### Activity
Beginning at the line that contains "cara isi ulang pulsa 3 murah di aplikasi", repeat each line exactly through the last one of the records below, and leave out the pictures.

### Records shown
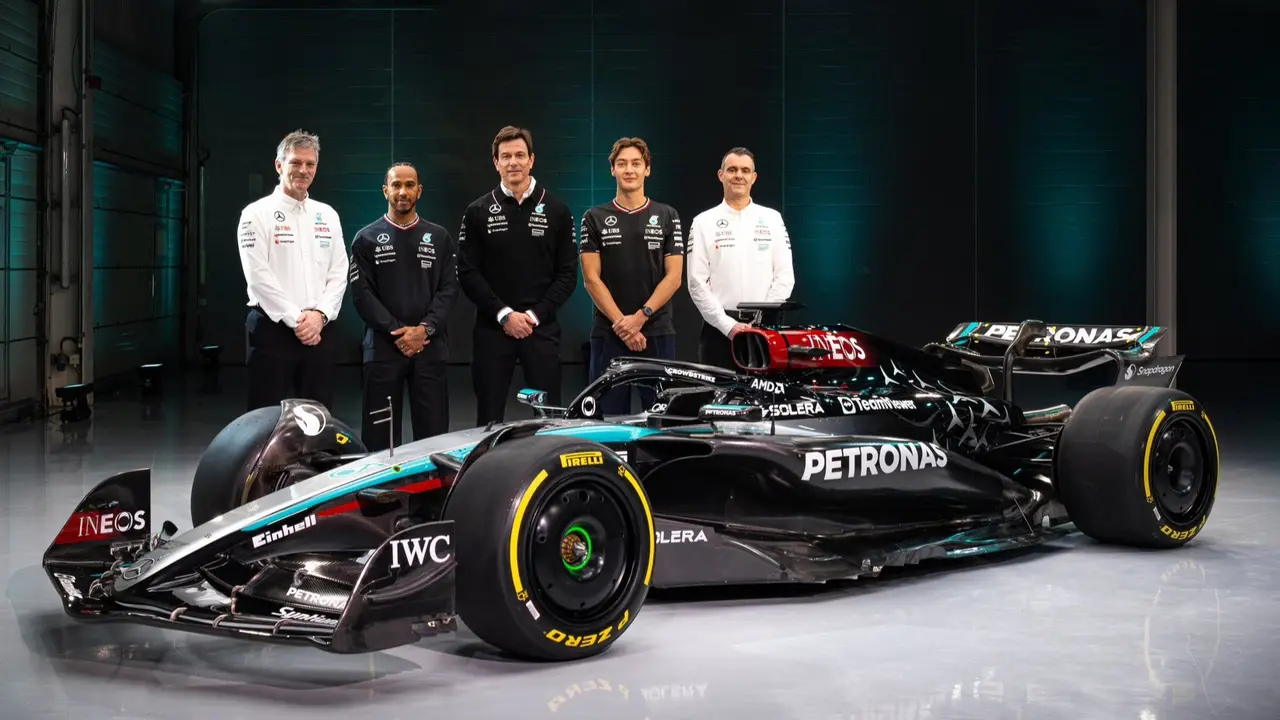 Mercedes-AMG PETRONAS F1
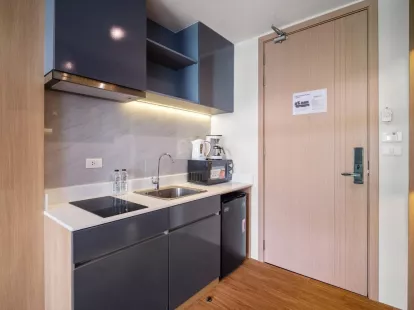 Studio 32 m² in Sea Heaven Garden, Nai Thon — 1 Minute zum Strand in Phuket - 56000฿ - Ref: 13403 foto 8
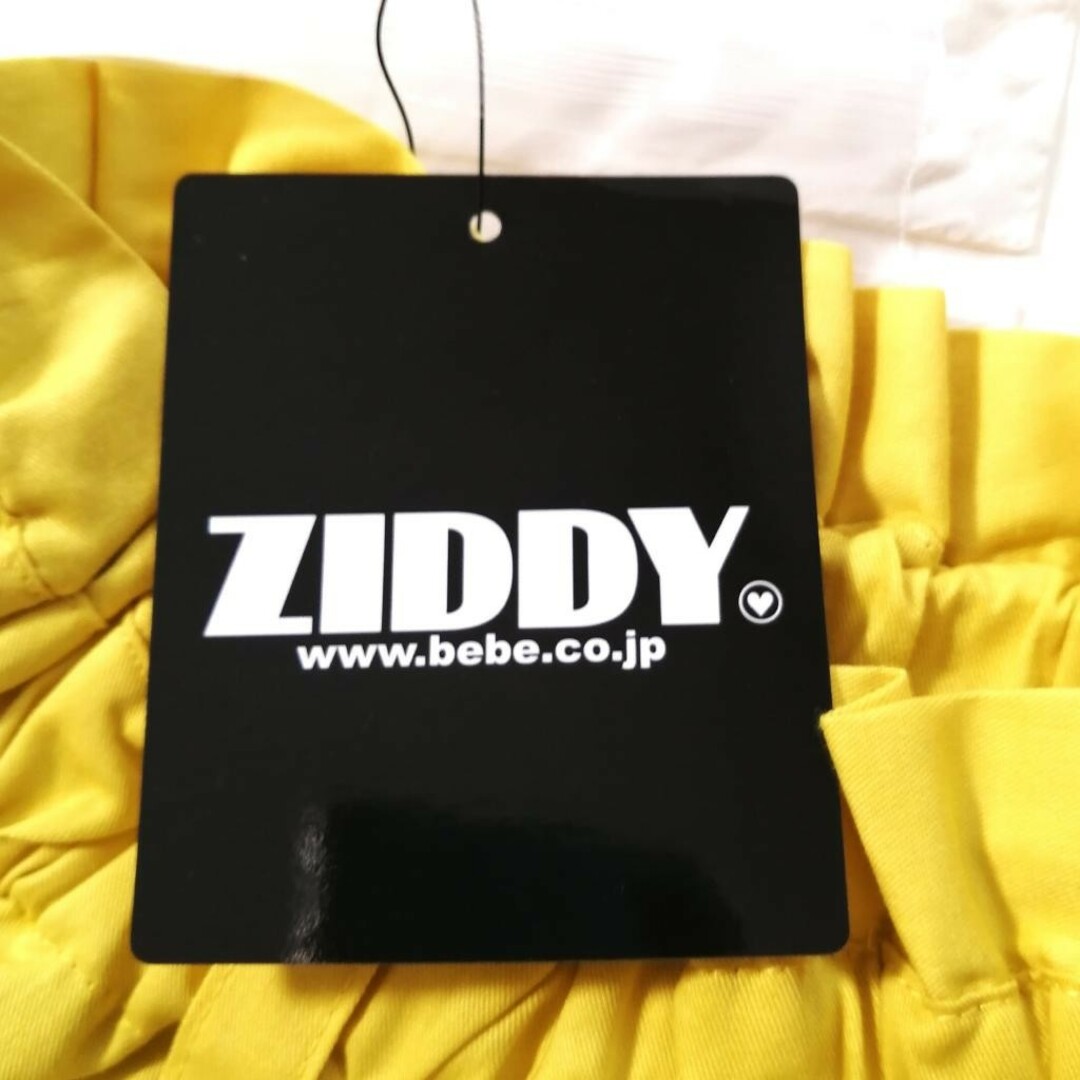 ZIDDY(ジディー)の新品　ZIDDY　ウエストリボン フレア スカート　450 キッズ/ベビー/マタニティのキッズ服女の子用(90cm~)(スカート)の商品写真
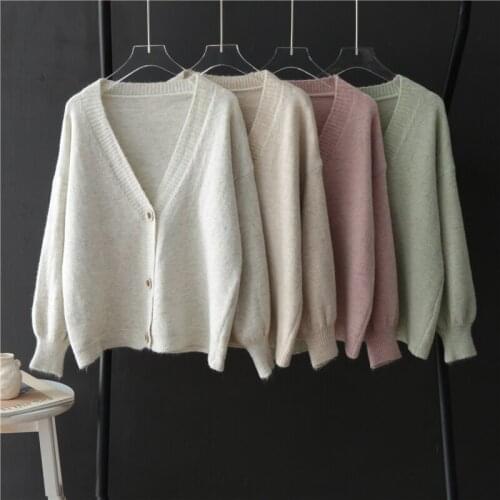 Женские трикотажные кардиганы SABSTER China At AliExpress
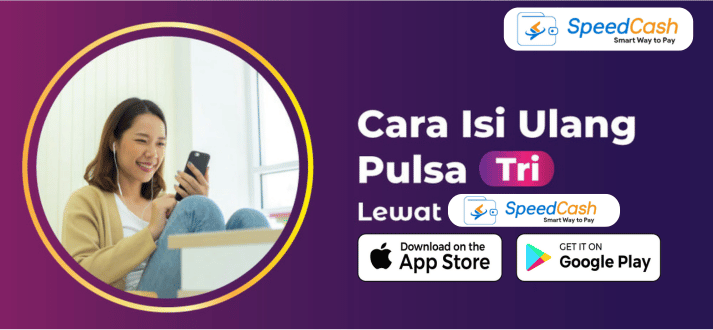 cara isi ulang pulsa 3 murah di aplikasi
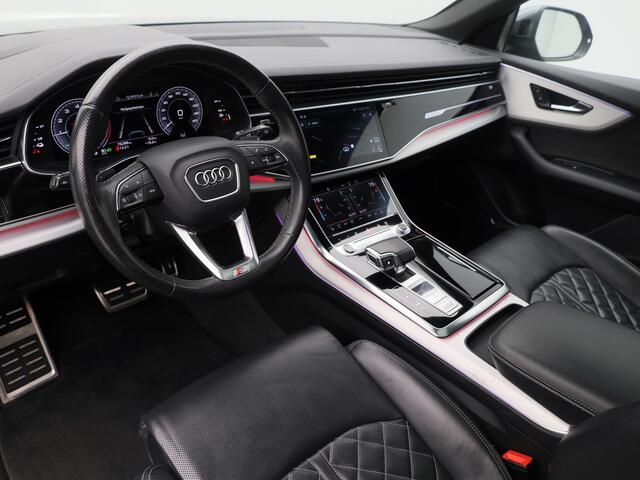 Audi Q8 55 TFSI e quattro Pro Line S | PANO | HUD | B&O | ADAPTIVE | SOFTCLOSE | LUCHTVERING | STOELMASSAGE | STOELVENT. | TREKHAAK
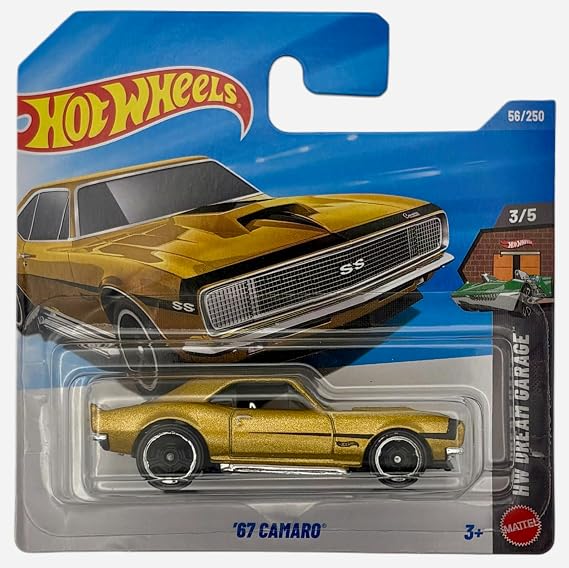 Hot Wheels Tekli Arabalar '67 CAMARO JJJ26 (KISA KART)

### Result of this exercise
 cara isi ulang pulsa 3 murah di aplikasi
 Audi Q8 55 TFSI e quattro Pro Line S | PANO | HUD | B&O | ADAPTIVE | SOFTCLOSE | LUCHTVERING | STOELMASSAGE | STOELVENT. | TREKHAAK
 Hot Wheels Tekli Arabalar '67 CAMARO JJJ26 (KISA KART)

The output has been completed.